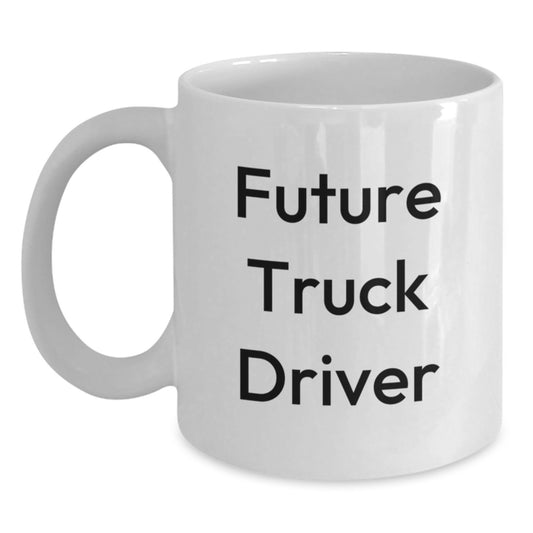 Funny Truck Driver Gifts for Men, 'Future Truck Driver' White Coffee Mug, Unique Christmas Mugs, White Ceramic, Microwave and Dishwasher Safe, Gifts from Friends to Family - Main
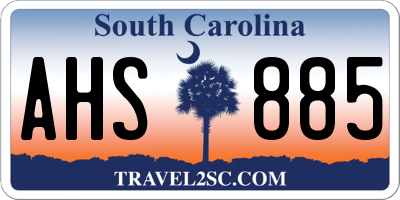 SC license plate AHS885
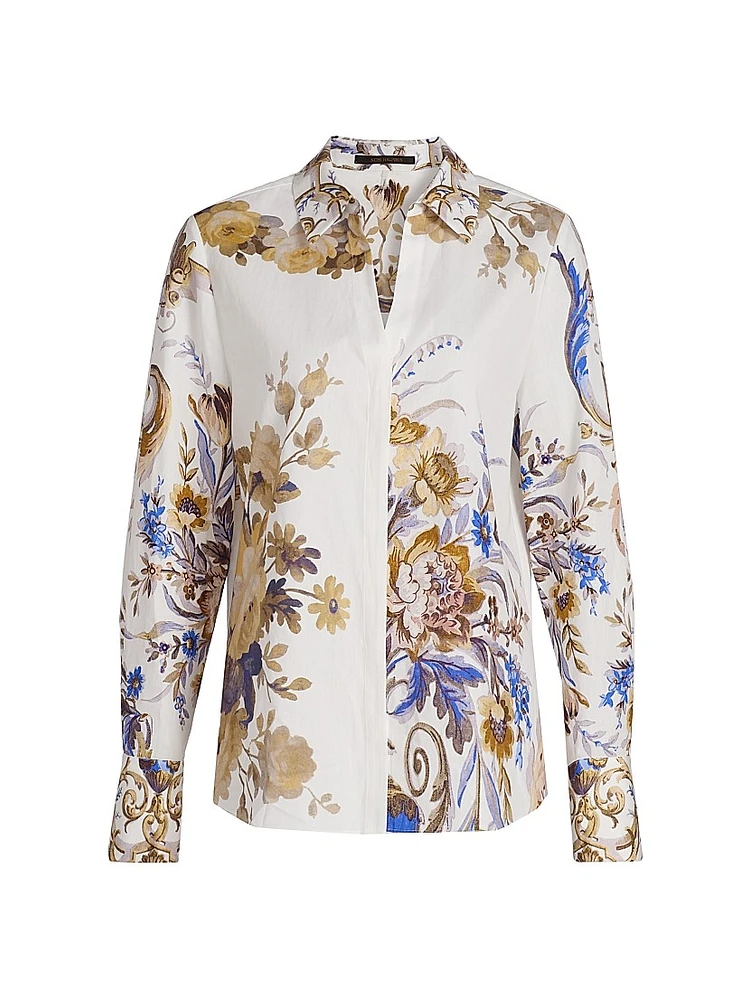 Laurent Floral Button-Up Blouse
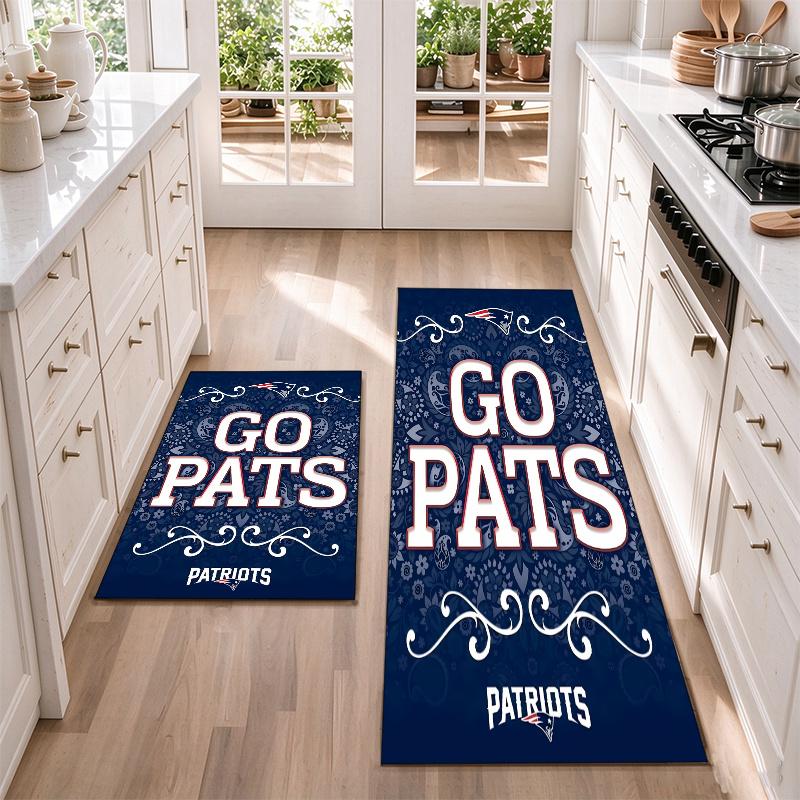 New England Patriots Flannel Kitchen Floor Mat – Non-Slip, Absorbent and Easy to Clean Suitable for Kitchens, Entryways Bedroomsand Bathrooms
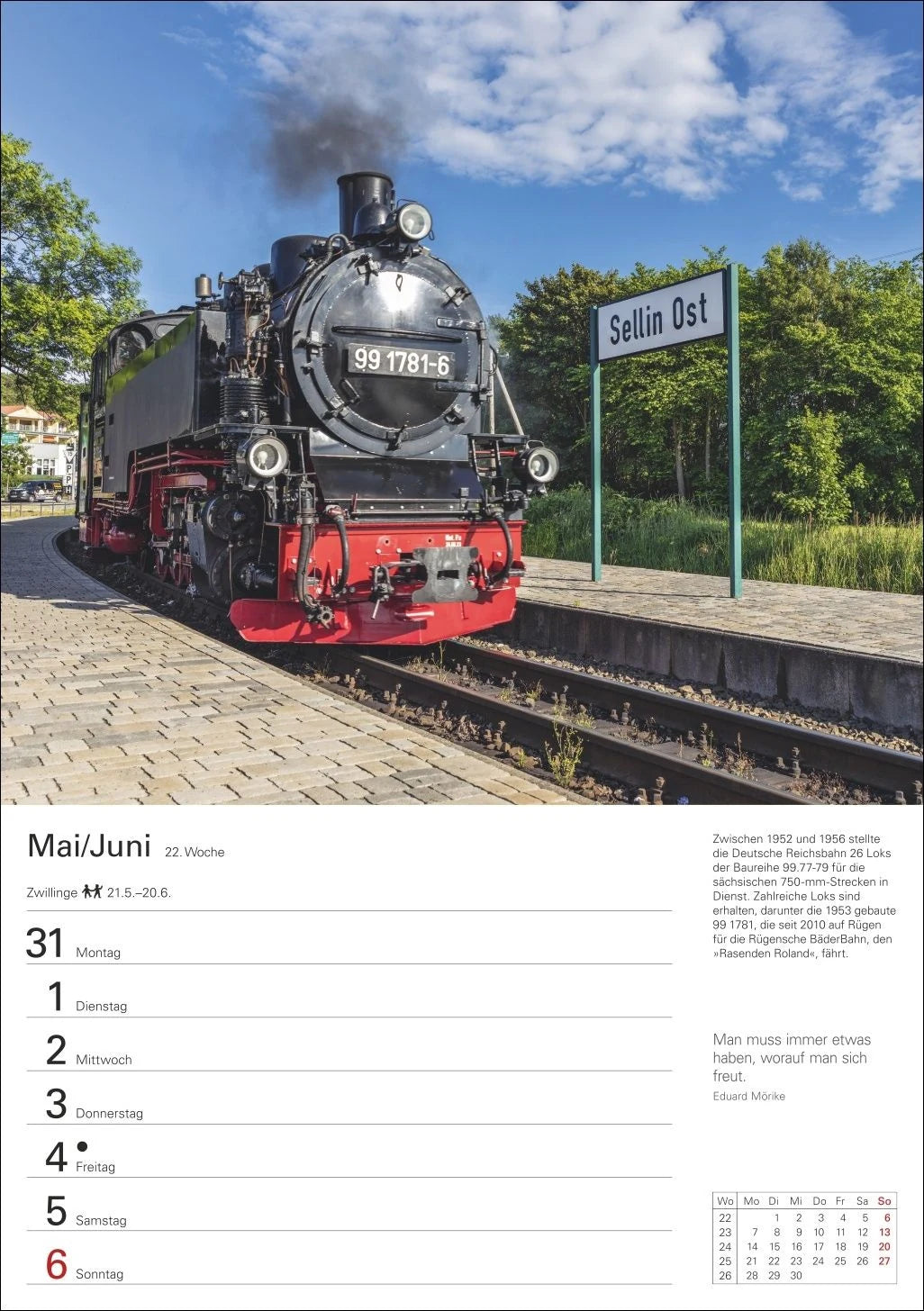 Eisenbahnen Wochenplaner 2027 - 53 faszinierende Fotografien – Ansicht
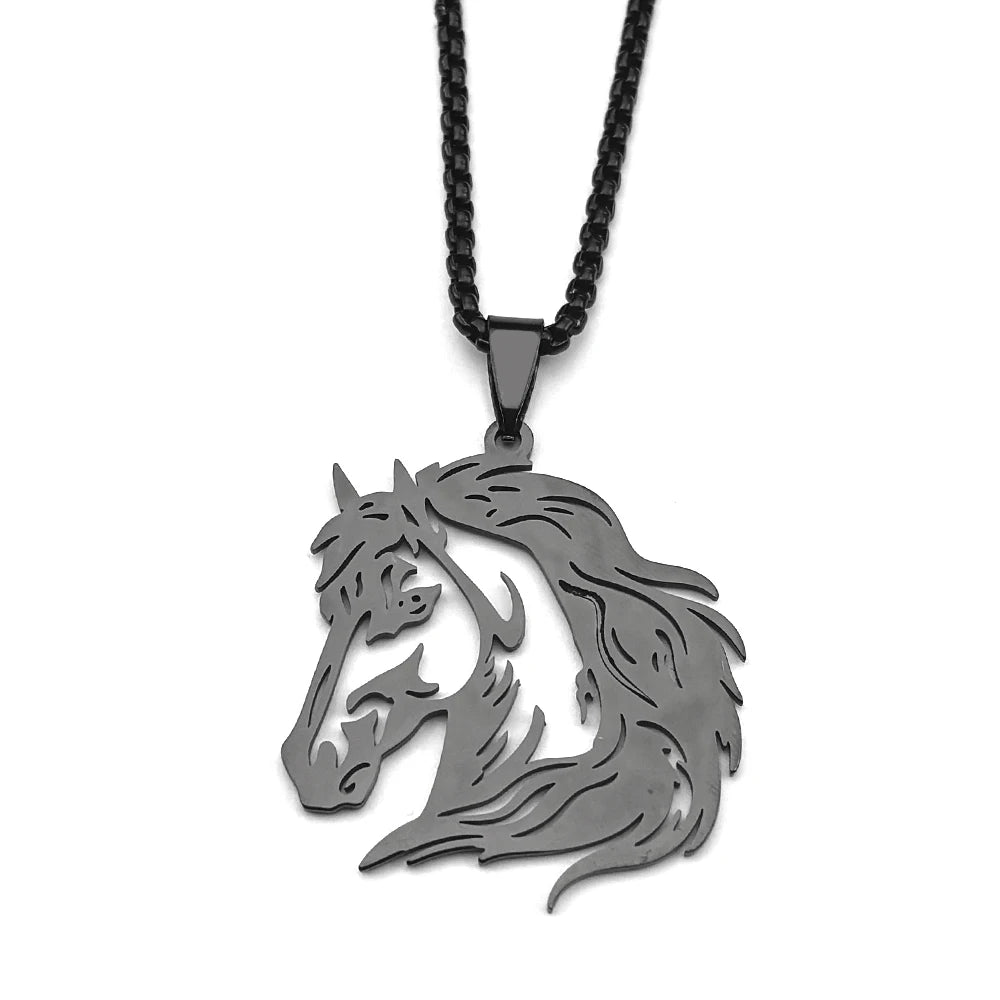 Women Men Stainless Steel Silver Color Horse Head Animal Pony West Cowboy Pendant Necklace
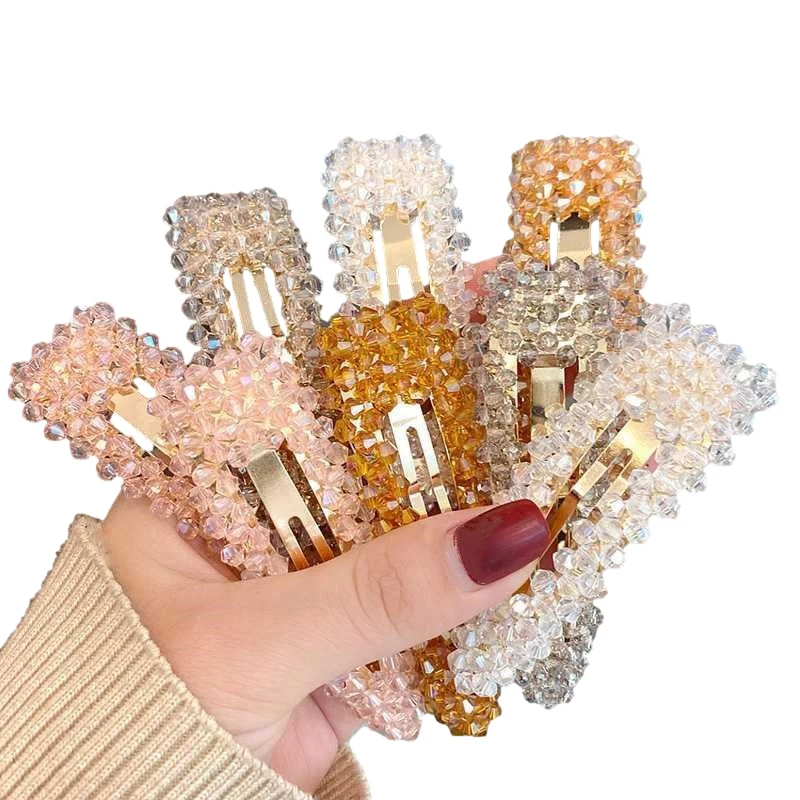 

1Pcs Rhinestone Snap Hair Clip Elegant Crystal Hairpins Geometric Rectangle Hair Clips for Women Headwear Hair Accessories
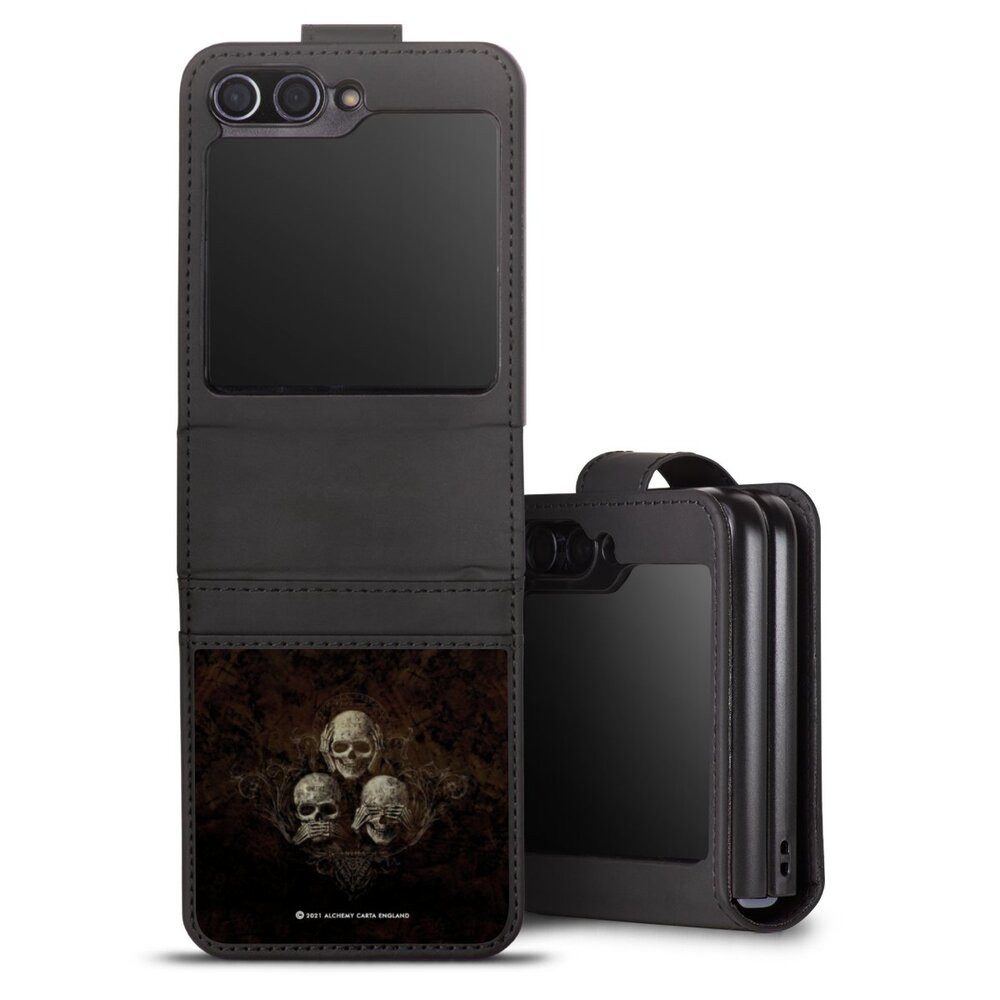 DeinDesign Handyhülle Totenköpfe Art Gothic No Evil, Samsung Galaxy Z Flip 5 Hülle Handy Flip Case Wallet Cover
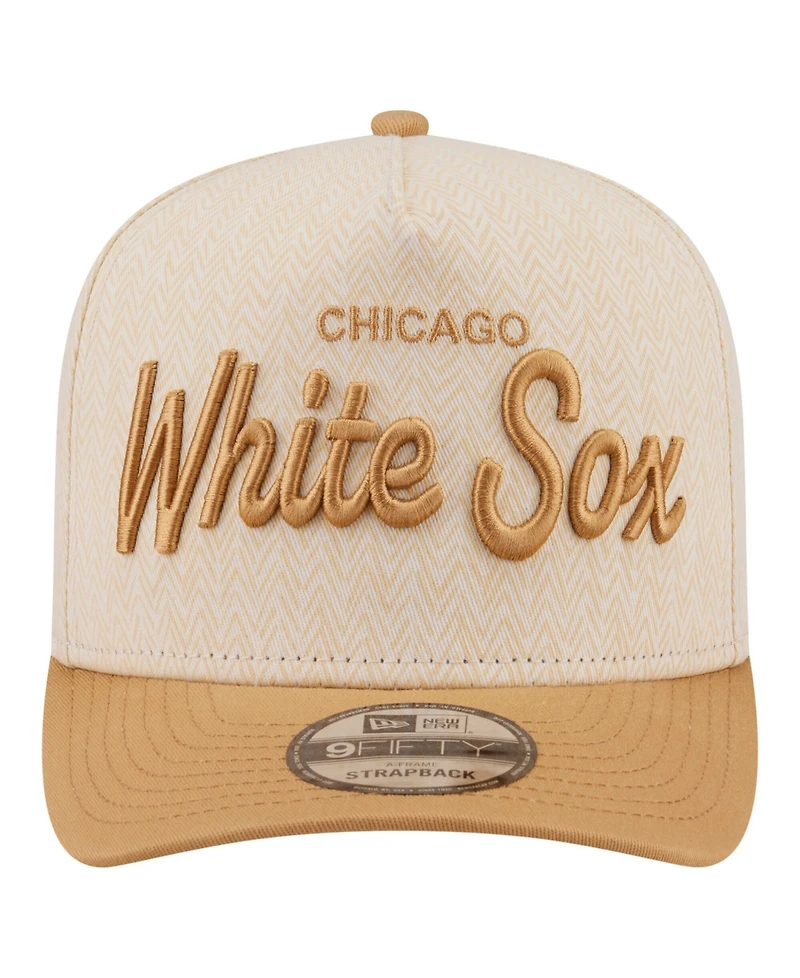 New Era Men's Cream Chicago White Sox Herringbone 9FIFTY A-Frame Snapback Hat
■ ■ ■
From the first record to the last, retype everything exactly except the images.

 Funny Truck Driver Gifts for Men, 'Future Truck Driver' White Coffee Mug, Unique Christmas Mugs, White Ceramic, Microwave and Dishwasher Safe, Gifts from Friends to Family - Main
 SC license plate AHS885
 Laurent Floral Button-Up Blouse
 New England Patriots Flannel Kitchen Floor Mat – Non-Slip, Absorbent and Easy to Clean Suitable for Kitchens, Entryways Bedroomsand Bathrooms
 Eisenbahnen Wochenplaner 2027 - 53 faszinierende Fotografien – Ansicht
 Women Men Stainless Steel Silver Color Horse Head Animal Pony West Cowboy Pendant Necklace

1Pcs Rhinestone Snap Hair Clip Elegant Crystal Hairpins Geometric Rectangle Hair Clips for Women Headwear Hair Accessories
 DeinDesign Handyhülle Totenköpfe Art Gothic No Evil, Samsung Galaxy Z Flip 5 Hülle Handy Flip Case Wallet Cover
 New Era Men's Cream Chicago White Sox Herringbone 9FIFTY A-Frame Snapback Hat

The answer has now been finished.